Since this is true for all $\epsilon > 0$, we must have:
$$\int_{g(a)}^{g(b)}f(u) \, du = \int_a^bf(g(x))\cdot g'(x) \, dx$$

The proof for when $g$ is decreasing is similar with some minor tweaks, or one can consider the functions $-g(x)$ and $f(-x)$ and use the above proof. Q.E.D.

So, assuming I haven't messed anything up, I've shown that the intuition matches the actual math for the case of a one-one $g$. However, things broke down for me once $g$ is no longer one-one, especially since the isomorphism between the partitions of $[a,b]$ and partitions of $[g(a),g(b)]$ no longer exists. The entire proof relies on the idea that if the distance between the points in one partition approaches 0, the distance between the corresponding points in the other partition approaches 0 as well, but I can't seem to make that happen.

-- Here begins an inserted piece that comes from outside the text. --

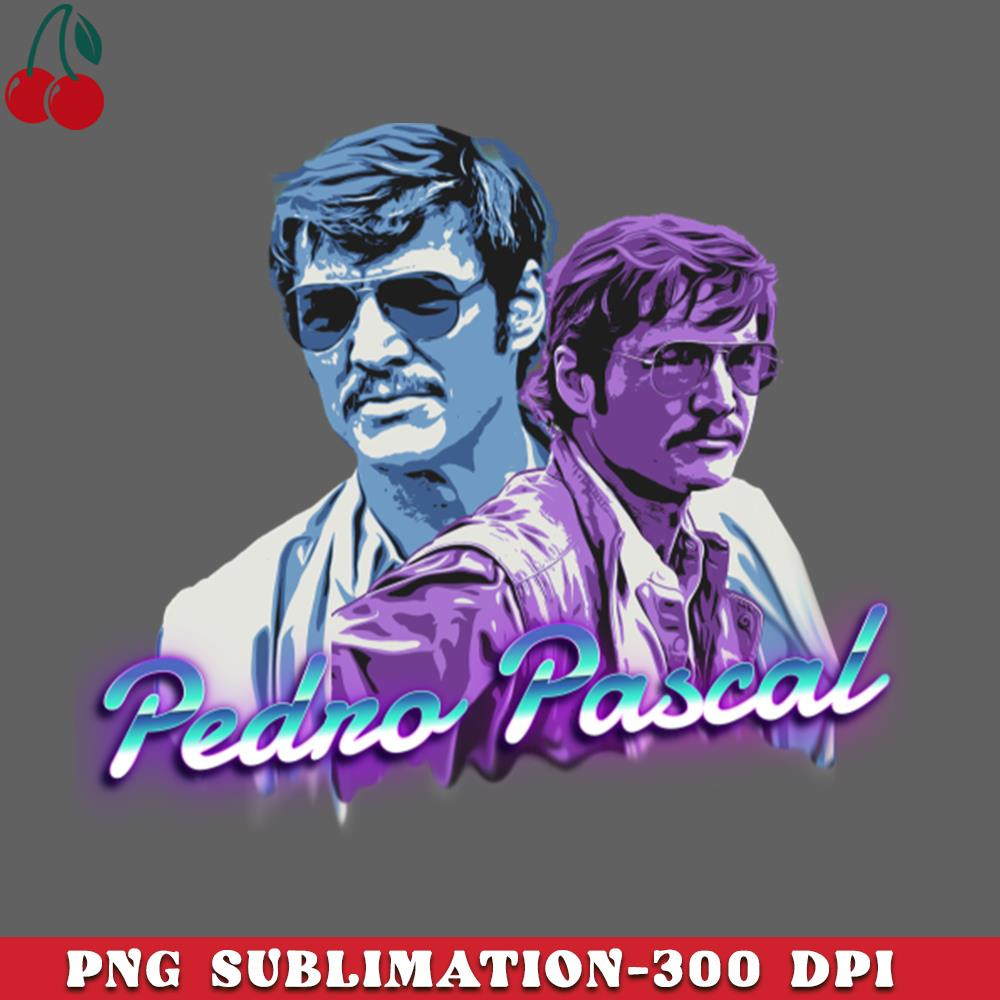 CL2612236116-pedro pascal retrowave fan art PNG Download.jpg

If I start with a partition $P=\{t_0,...,t_n\}$ of $[a,b]$, I can create from it a partition $P'=\{s_0,...,s_n\}$ of $[g(a),g(b)]$, using least upper bounds and the Intermediate Value Theorem for example, and even make the $s_i$'s get close to each other as the $t_i$'s get close to each other, but there is no guarantee that if 2 points of $P'$ are close, then the corresponding points of $P$ are close. For example, if $g(x)=x^3-x$ and $[a,b]=[-2,2]$, so $[g(a),g(b)]=[-6,6]$. Say I take any partition $P=\{t_0,...,t_n\}$ of $[a,b]$ and create from it a partition $P'=\{s_0,...,s_n\}$ of $[g(a),g(b)]$ where each point in $P'$ is the value of $g$ at some point in $P$. Let $t_{k_i}$ be the point in $P$ such that $s_i=g(t_{k_i})$. Suppose I create $P'$ so that $k_j>k_q$ for $j>q$, let $t_{k_m}$ be the smallest $t_{k_i}$ satisfying $t_{k_m}\geq -\sqrt {\frac 1 3}$. If $t_{k_m} \leq 0$, then clearly $t_{k_{m+1}}>1$ since $s_{m+1}>s_m$, so $|t_{k_{m+1}}-t_{k_m}|>1$, and if $t_{k_m}>0$ then $t_{k_{m-1}}<-1$, so $|t_{k_m}-t_{k_{m-1}}|>1$. So no matter how small I make the intervals comprising $P$, there will always be at least 1 interval in $P'$ such that the distance between the corresponding points in $P$ is greater than 1. However, if I don't create $P'$ in this manner, then there is no correlation between 2 points in $P'$ becoming close and and their corresponding points in $P$ becoming close, since the order of the points in $P'$ is all jumbled up...

On the other hand, if I begin with a partition of $[g(a),g(b)]$ and try to create from it a partition of $[a,b]$, the situation becomes even more dire, as I cant even guarantee that the $t_i$'s will become close as the $s_i$'s become close, as immediately evident by cases like the function $g(x)=(x-1)^2-1$ considered on the interval $[0,2.1]$.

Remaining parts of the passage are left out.